Thanks, John Krasinski. Now, I'm going to have incessant nightmares about drowning in grain silos.
Krasinski, the affable star of The Office, it turns out, has quite an eye for horror, not that his directorial effort A Quiet Place is ever truly terrifying (while, besides that silo scene). It is, however, immensely entertaining and exciting and exceedingly well-acted by all involved.
The picture opens on the Abbott family who, not far off in the future, appear to be among the few remaining survivors in a world on lockdown. You see, the planet as we know it has been invaded by blind extraterrestrial monsters that, more or less, resemble grasshopper-spiders on steroids and are supremely sensitive to even the slightest of sounds. Should anyone or anything make a peep, they're sure to draw the ire of these vicious visitors.

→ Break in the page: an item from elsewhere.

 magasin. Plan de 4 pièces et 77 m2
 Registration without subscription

The Abbotts, led by dad Lee (Krasinski) and mom Evelyn (Emily Blunt), are master survivalists but one tragic hiccup results in their youngest child falling victim to the creatures, an event that draws unwanted attention to the surviving family - Lee, Evelyn, daughter Regan (Millicent Simmonds) and son Marcus (Noah Jupe). The relationship between Lee and Regan is especially affecting and absorbing - she blames herself for her brother's death and cannot recognize the love her father so clearly still feels for her.
As you can imagine, events transpire that draw the beasts closer to the family, resulting in one riveting set piece after another. Krasinski particularly gives Blunt and Simmonds (who was so wonderful in Wonderstruck last year) prime material to chew on, characters and situations far more compelling than what's seen in today's average horror flick. The humans, I must say, are leaps and bounds more interesting than the monsters, which aren't the least bit scary and are probably seen a tad too often.
A Quiet Place ends on a note that some may deem anti-climatic but I happen to think it's quite badass. The proceedings have a look and feel similar to last year's stirring It Comes at Night, though this picture is more fun and agreeable and, for better or worse, a whole lot less paralyzing.
Kudos to Krasinski for a jolly spring chiller.